UAE-based investors who have UK assets in their portfolio - of which there are many - should now consider "Brexit-proofing" their investments ahead of next month's referendum.
As we move ever closer to the historic vote, and in the case of a "Leave" campaign triumph, investors in the UAE should be looking closely at how they can mitigate the effects of a fall in value of UK assets.
In the run-up to the referendum, we have already been witnessing the uncertainty that has been generated by the high level of campaigning. A large number of organisations within the private sector have been postponing or avoiding investment altogether, in anticipation of the vote.
As such, if Britain leaves the EU, this volatility and unpredictability can be expected to continue. It is almost certain that the sterling, UK equities and government bonds will face additional pressure.
Banks' contingency plans
Indeed, British banks and the Bank of England are busy preparing contingency plans should Britain leave the EU after the June 23 vote.
Recently, the European Central Bank requested large eurozone banks to specify their plans as to how they're preparing for a possible Brexit, and how they would manage the impact on the markets and any necessary modifications to their business models.
The ECB is currently examining the specific exposure these banks have to Britain, and the contingency measures they have in place.
According to an ECB spokesperson, "ECB Banking Supervision is engaging with the relevant banks to ensure they are adequately assessing the risks and are prepared for all possible outcomes."
Take action
There are a number of things UAE-based investors can do to prepare for the potentially substantial effects Brexit will have on UK assets.
Predominantly, by increasing exposure to overseas investments.
Ahead of the referendum, this is an opportune moment to re-evaluate investment portfolios, leaning more towards international stocks, bonds and possibly property.
That said, rebalancing portfolios is a savvy move for investors, irrespective of Brexit.
Investors who favour a varied portfolio are in a far superior position to be able to mitigate risk during times of market turbulence, and at the same time, make the most of the inevitable opportunities that present themselves.
Failure to diversify a portfolio is widely regarded as one of the most common investment pitfalls.
Spreading money around is a vital tool to manage risk. A well-balanced portfolio is achieved by diversifying by geographical region, asset class and industrial sector.
It is absolutely untrue that investing globally is riskier. On the contrary, the more diversified the portfolio, the greater the reduction of overall risk.
Furthermore, it is a fallacy that international investing is solely for the more sophisticated investors. There are numerous well-managed retail funds available, offering global stock market exposure, using many different approaches.

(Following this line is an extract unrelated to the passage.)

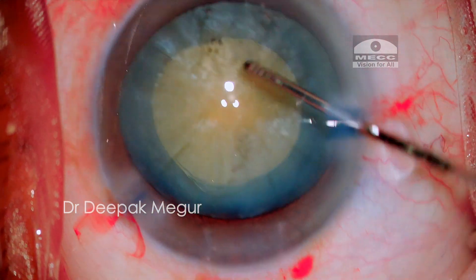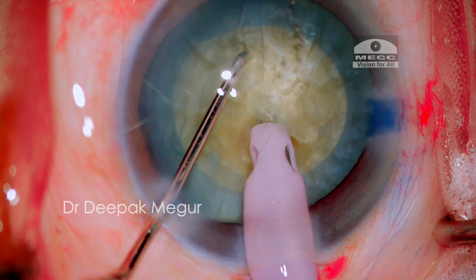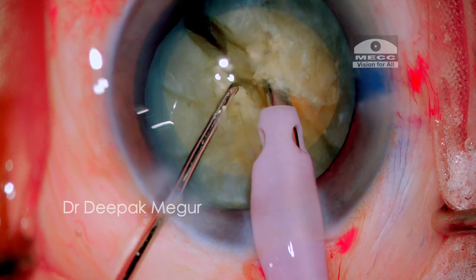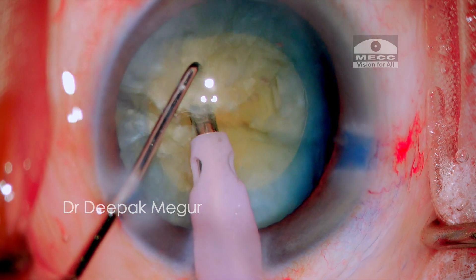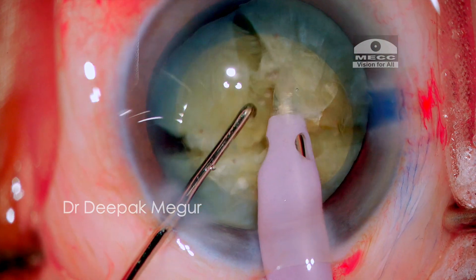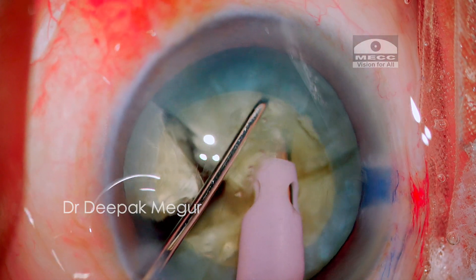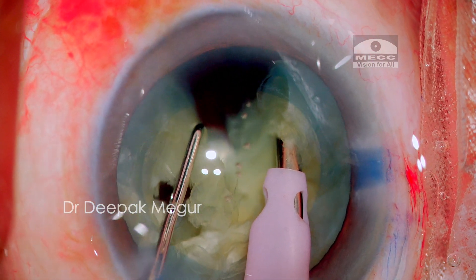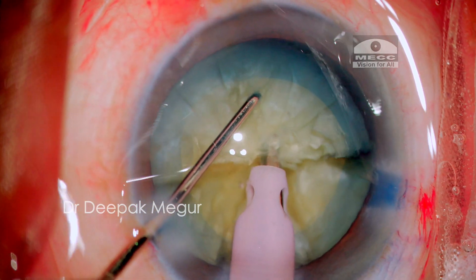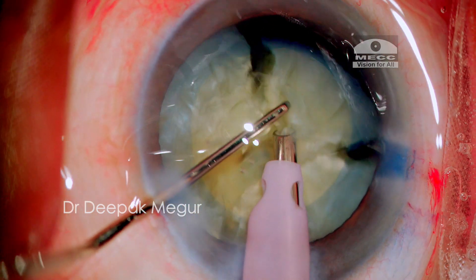Moving on to management of the nucleus, I am using a vertical chop technique. I bury the tip until the whole length of it gets into the substance of the nucleus, then the chopper goes down and then laterally. I realize the nucleus is much denser than expected — the first chop has not resulted in full separation; only the distal half is separated. I rotate it and the first hemisection is then vertically chopped, with lateral separation repeated at progressively deeper planes to achieve final fragment separation. This process of burying, chopping, and lateral separation at progressively deeper planes is carried out for each fragment until I have six fragments from this nucleus.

Importance of financial advice
Individuals are becoming more aware than ever of the tangible benefits of independent financial advice in growing, maximising and safeguarding their wealth.
Indeed, expatriates often require specialist financial advice. Typically, because of their more transient lifestyles and unique tax situations, which have a significant impact on almost every area of their financial affairs.
A financial adviser will, therefore, assist investors in acquiring more opportunities, investment options, and various risk tolerance strategies. This bigger picture gives investors more options and improved paths to better outcomes.
As such, by seeking advice, investors have the benefit of an adviser's experience. They understand the industry and follow best practices. When using their services, investors can take advantage of that information and experience, helping them to become more confident in their investments and in their financial future.
By Nigel Green
The writer is the founder and CEO of deVere Group. Views expressed are his own and do not reflect the newspaper's policy.